I can understand completely how your hudband and yourself felt getting such news in a letter...12 years ago I was also told in a letter that I had PBC and that the prognosis was there was no cure and that I would be dead in 12 months. Boy am I glad he got that totally wrong.
Like Mrs T and Pebbles said use the forum to rant, ask advise, for anything. The members here are really good people come in and have a chat anytime of the day or night, there is usually somebody about.
Welcome, you have taken the first step, hope to see you again here.
The best of everything to you and yours,
Welcome to the forum!!
Boy, have we scraped the bottom of the barrel with the way your husband was diagnosed.
As others have pointed out, a PD Nurse on the helpline can be a point of reference. I am sure they have heard all the questions before and will provide you invaluable advice.
Ask any questions on here as well. We'll do our best to answer them and to provide you links to some valuable resources.
I started a thread a few months back titled "Age and Date of Diagnoses" under the "Newly Diagnosed" section. You'll find a dozen people diagnosed in their late 40's to early 50's. Maybe check their posts. Feel free to add your name (on behalf of your husband) to the list.
Best wishes to you both,
hello leith & welcome,
please read mrs t's post again & again. It is sound advice. You will, I hope gain much of that from this forum. Also a feeling of belonging, not to a club, but to a particular section of the human race that has a condition called PD
We can debate about it, laugh about it & even forget about it for a while.
With my very best wishes
I too was informed by letter and I was gutted! its such a life-changing diagnosis that I feel it should have been told to me personally.
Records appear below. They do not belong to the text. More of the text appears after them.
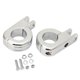 thumbnail image 5 of motocicleta 38 mm motor barra carretera pegar pie abrazadera de montaje para Harley Chrome, 5 of 5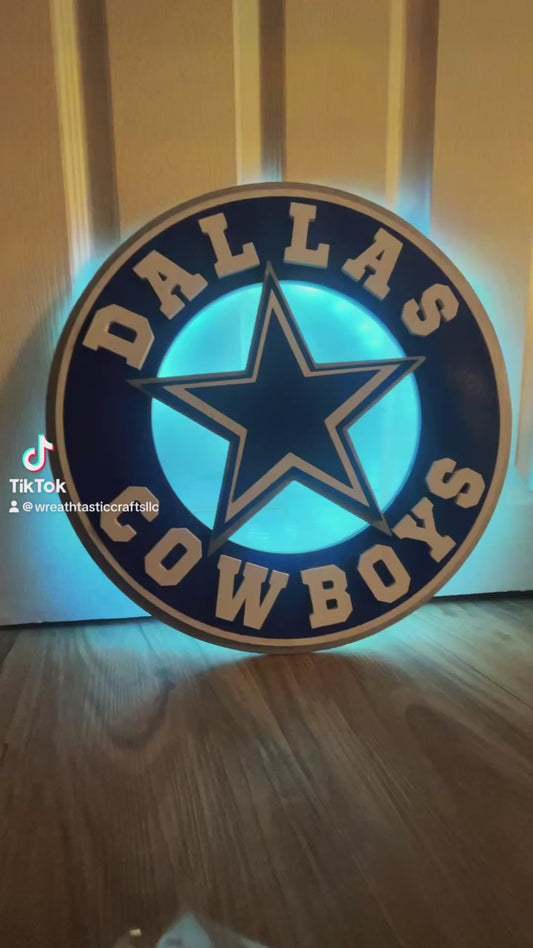 Dallas Cowboys Wood Sign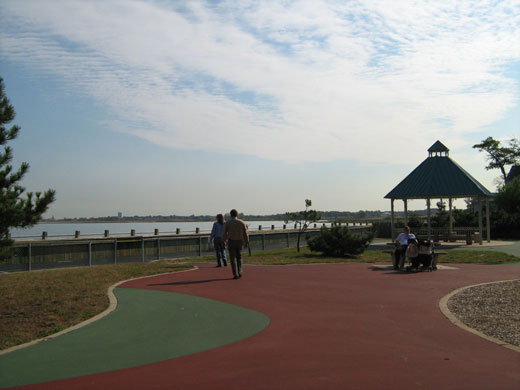 Photo of Firefighters Park on Raritan Bay in Union Beach, NJ, an area improved with Green Acres funding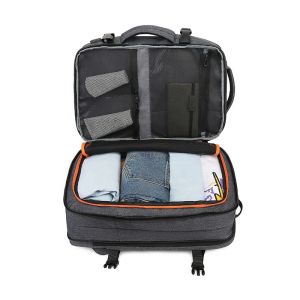Multifunction Expandable Travel Nylon Laptop Backpack With USB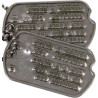 Plaques d'identité, Dog Tags, T/4 Harold Bruns, Engineer Aviation Battalion, MTO & ETO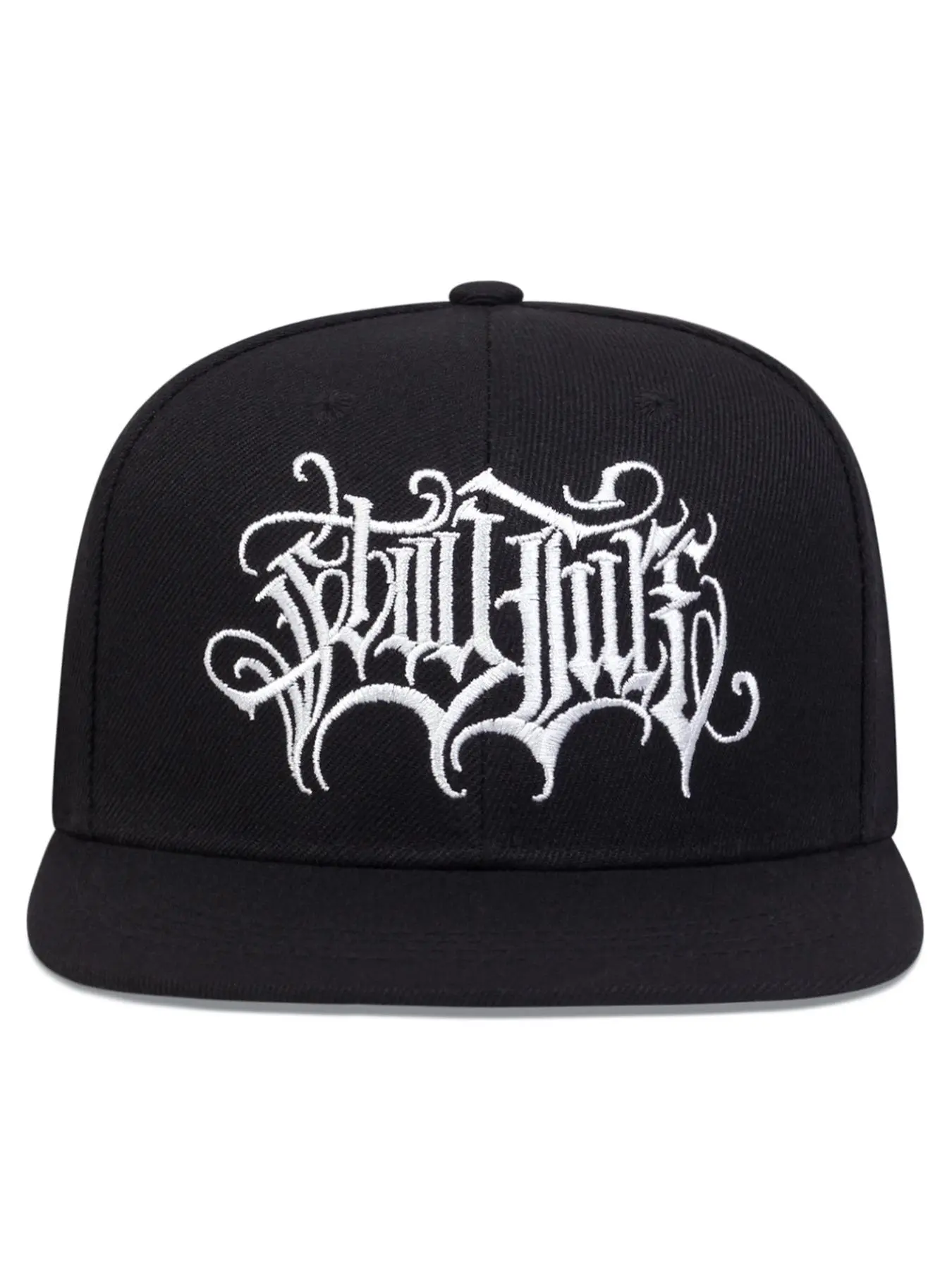 1 Piece Men's Fashion Embroidery Baseball Cap, Trendy Summer Sports Flat-Brimmed Hat, Casual Hiphop Fashion Accessories For Women Teenagers, Letter Embroidered Hat, Embroidered Snapback Hat, Fitted Snapback Hats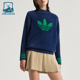 高尔夫保暖针织卫衣JX9267 三叶草女士运动衫 Adidas 阿迪达斯正品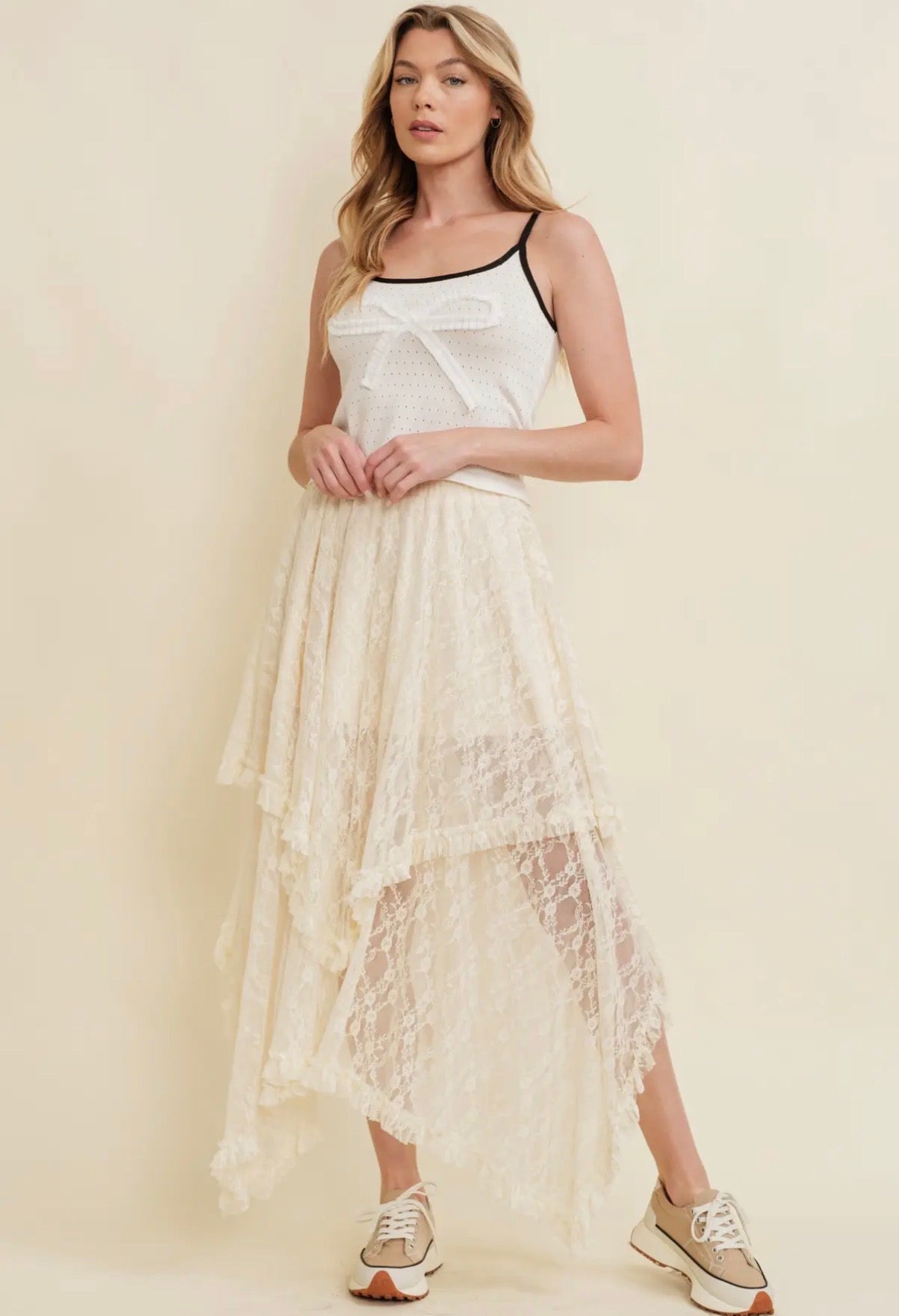 Layered Lace Maxi Skirt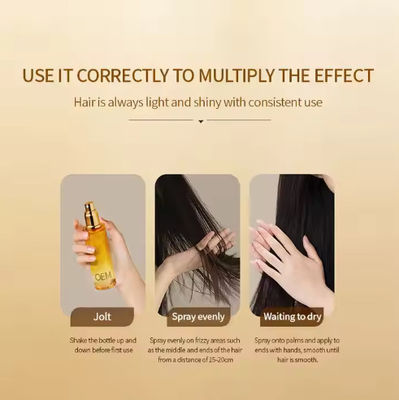 Customized Logo Essential Hair Oil OEM Hair Care Products Organic Hair Oil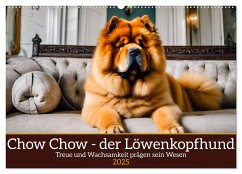 Chow Chow - der Löwenkopfhund (Wandkalender 2025 DIN A2 quer), CALVENDO Monatskalender - Calvendo;Kleemann, Claudia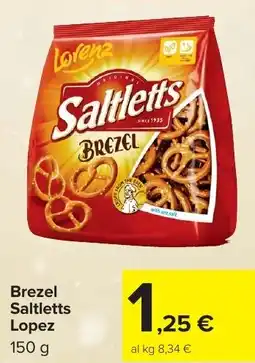Carrefour Market Brezel Saltletts Lopez offerta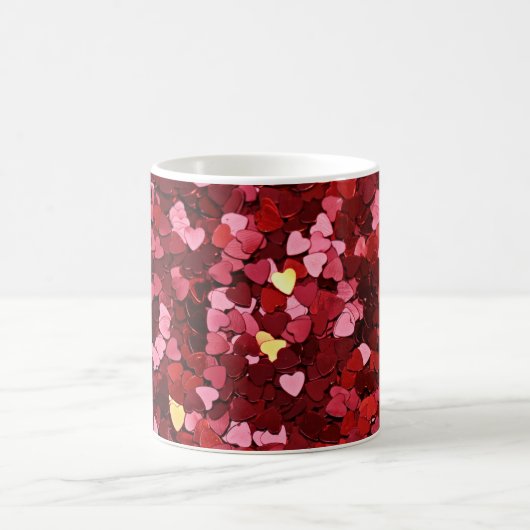 Mug Coeurs rouges (Centre)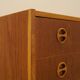 Ash chest of drawers 1970s with distinctive handles, Denmark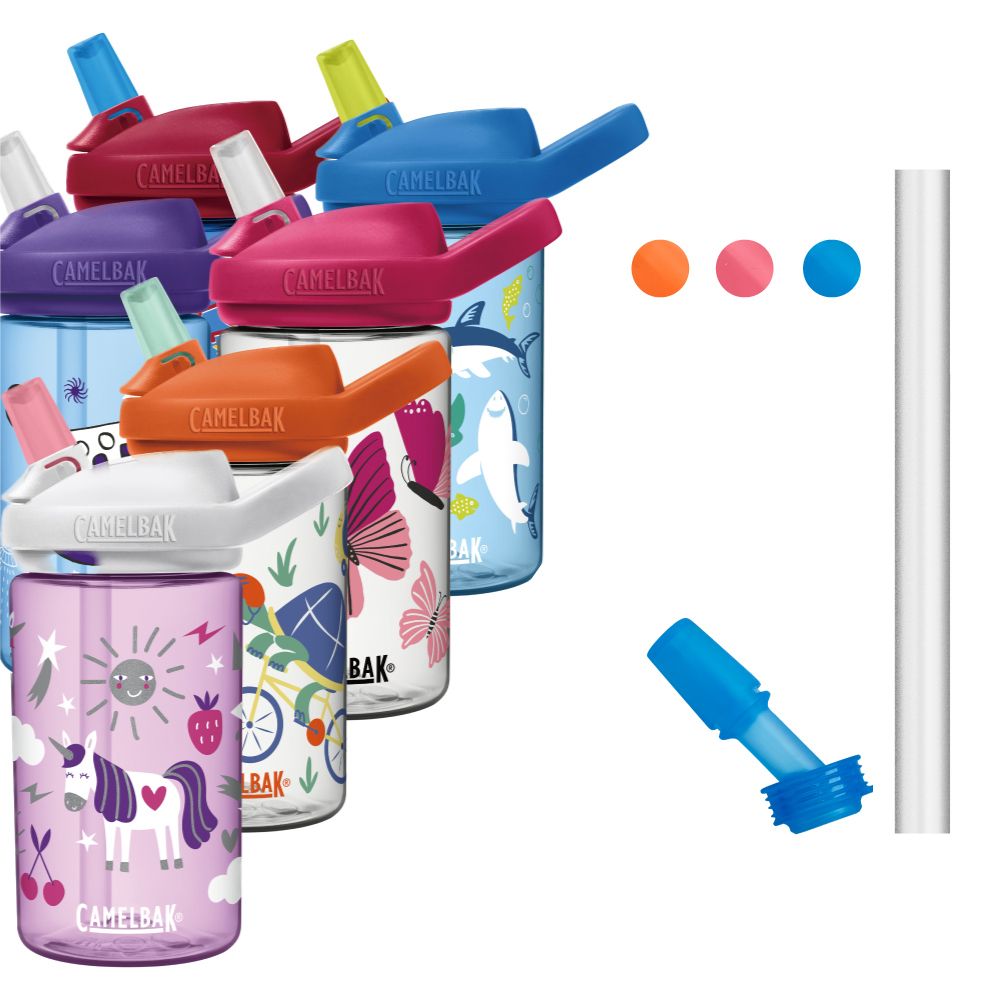 CamelBak  400ml Tritan KIDS 兒童多水吸管水瓶水壺 學習水杯*1+吸管*1+咬嘴*1)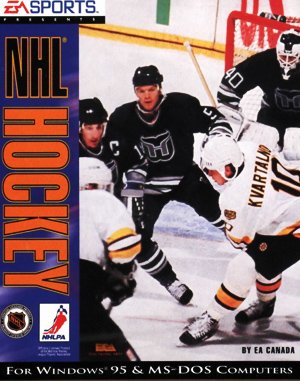 NHL ’94 cover art for DOS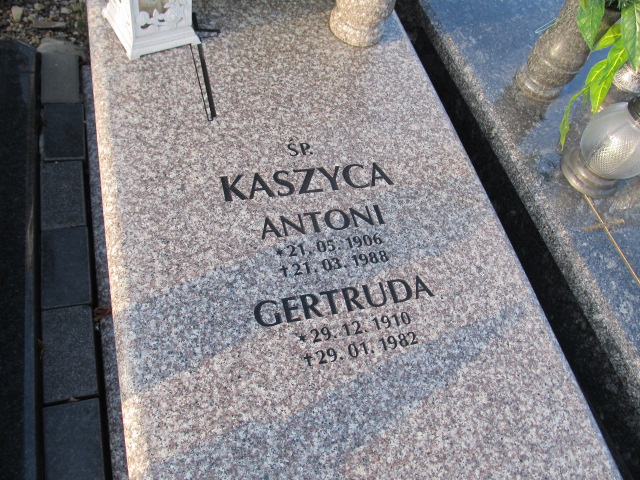 Gertruda Kaszyca 1910 Mysłowice Brzęczkowice - Grobonet - Wyszukiwarka osób pochowanych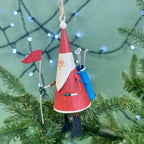 Personalised 18th Hole Santa Golf Bauble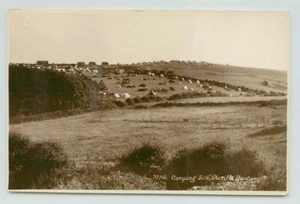 POSTCARD Camping site, Durdle Door, RPPC Tents 1957 - Picture 1 of 2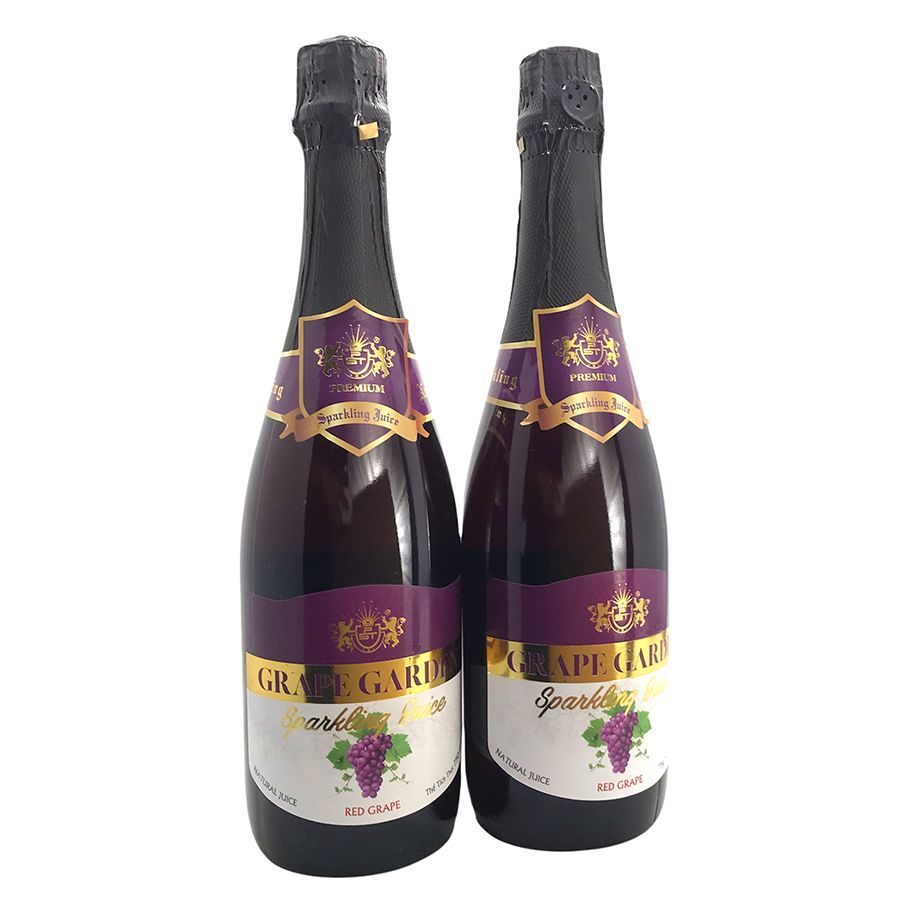 Combo 2 chai nước ép đà lạt vị nho tím/ grape garden - nước ép nho hương vị tự nhiên - tốt cho sức khỏe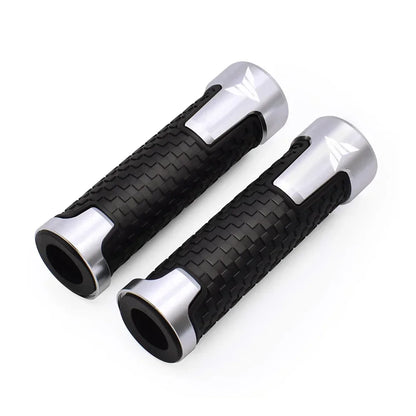 CNC Motorcycle Handlebar Grips 7/8" 22mm | Rubber Gel Aluminum
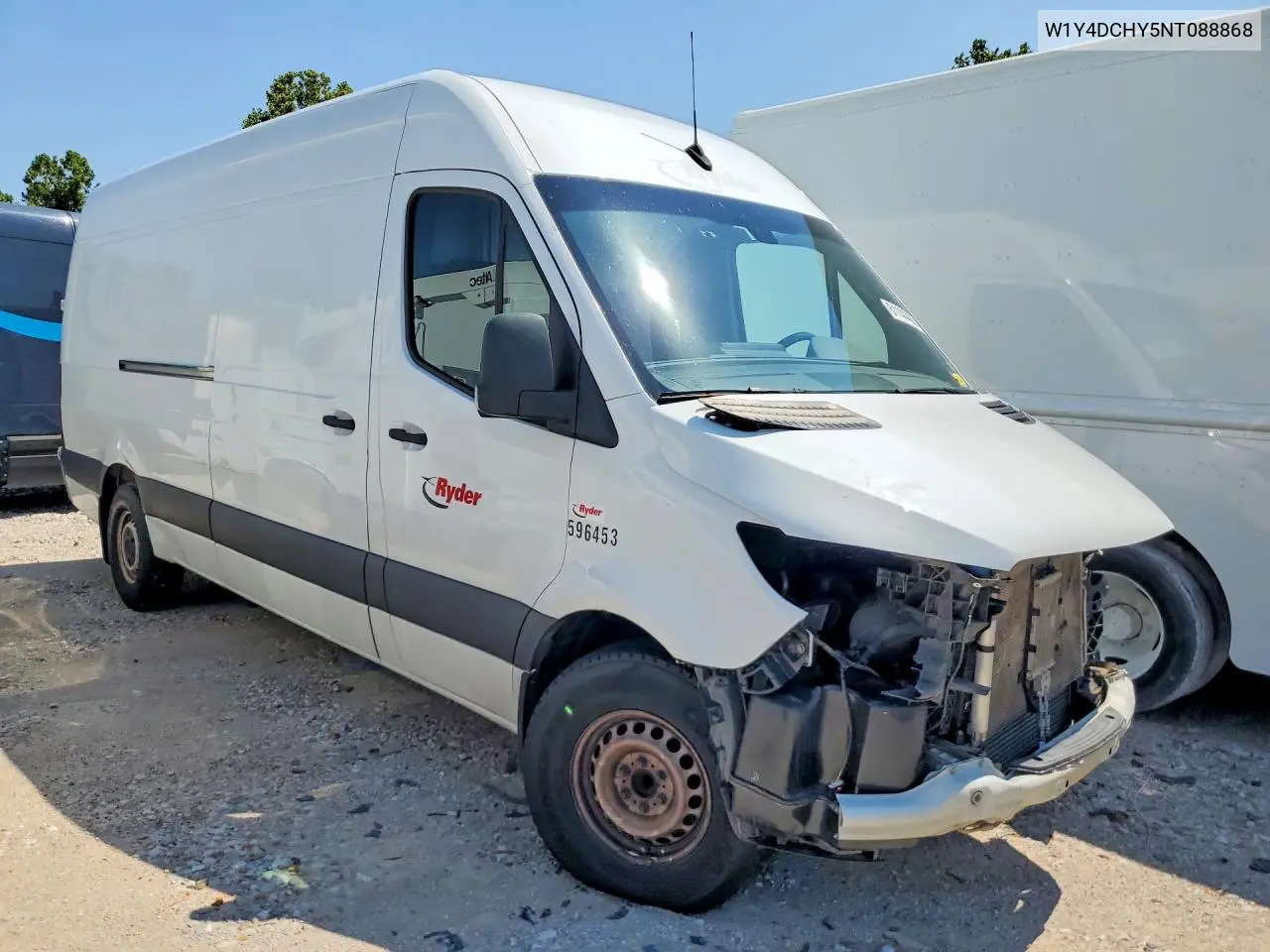 2022 Mercedes-Benz Sprinter 2500 VIN: W1Y4DCHY5NT088868 Lot: 61144406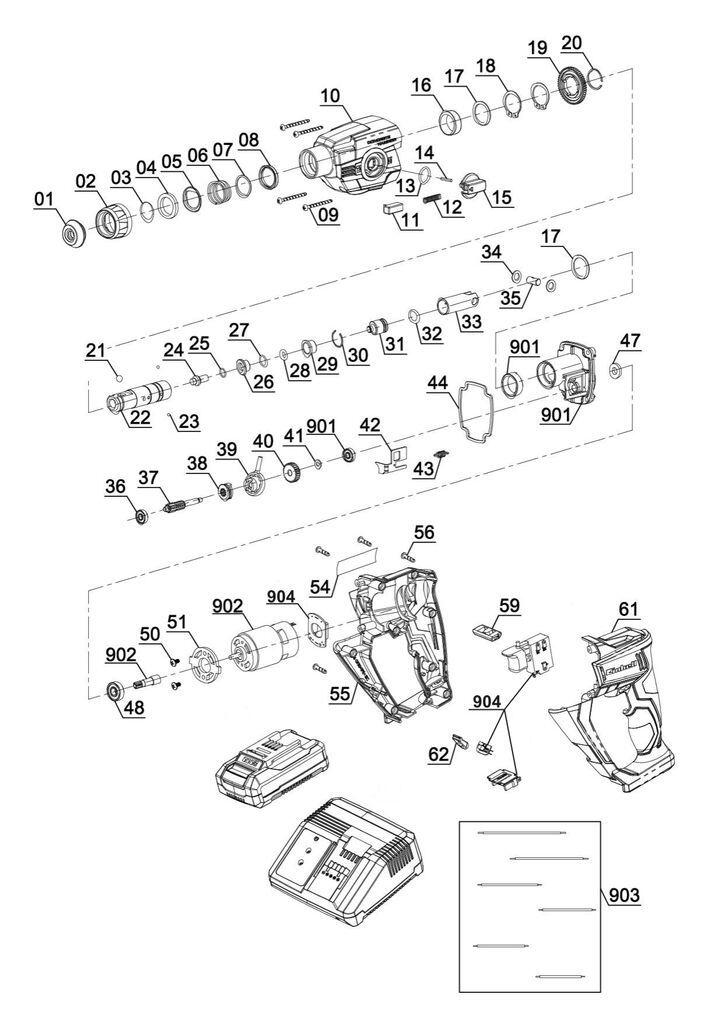 Einhell Akku-Bohrhammer TE-HD 18 Li-Solo (4513812)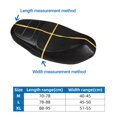 thumbnail image 6 of Joernso Cushion Pad Anti-skid Comfortable Insulated Summer Cool 3D Mesh Motorcycle Seat Cover for Scooter, 6 of 8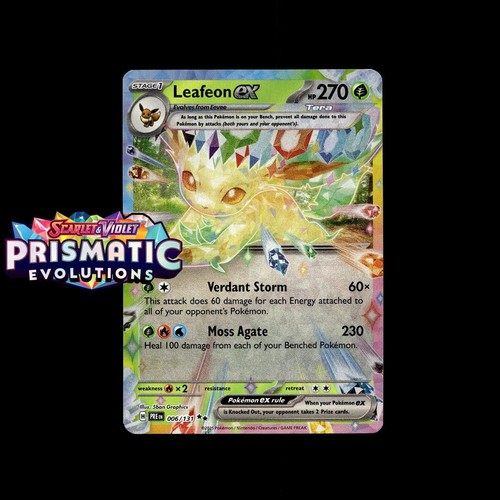 Pokemon Prismatic Evolutions: Choose Your Card! Reverse Holo/Holo EX Full Art NM - Picture 7 of 173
I had assumed when I received the letter that it would be good news and that my scan didn't show up anything- but NO! Seemingly its a common thing t do -up in my part of Scotland anyway.
Thank you for the welcome.
My husband and myself will need to sit down and write down the qusetions we have running round in our heads so we can then hopfully get some answers.
hiya leith welcome to the forum
i should imagine it was more of a shock to recive that news through the post,how awful,i thought they would of told u fae to face,anyway u will recive alot of info on here and there is good folk on here to talk with ,newbies and more experinced about the condition ,i hope to see u around the forum ,pop ur head in the cafe for a cuppa alot of us hang out there x
Of course getting this diagnosis by letter is appalling. However, as far as questions are concerned this could be a good thing. I found my brain whirring away searching for questions to ask immediately after having been informed in a sympathetic voice that I had 'mild Parkinsons'. I did get a few in, but most questions surfaced afterwards during the course of the following week and then I found contact with a person with PD (I did not know anyone with the disease, but was given a telephone number by PUK))and the material Parkinson's UK sent me very helpful.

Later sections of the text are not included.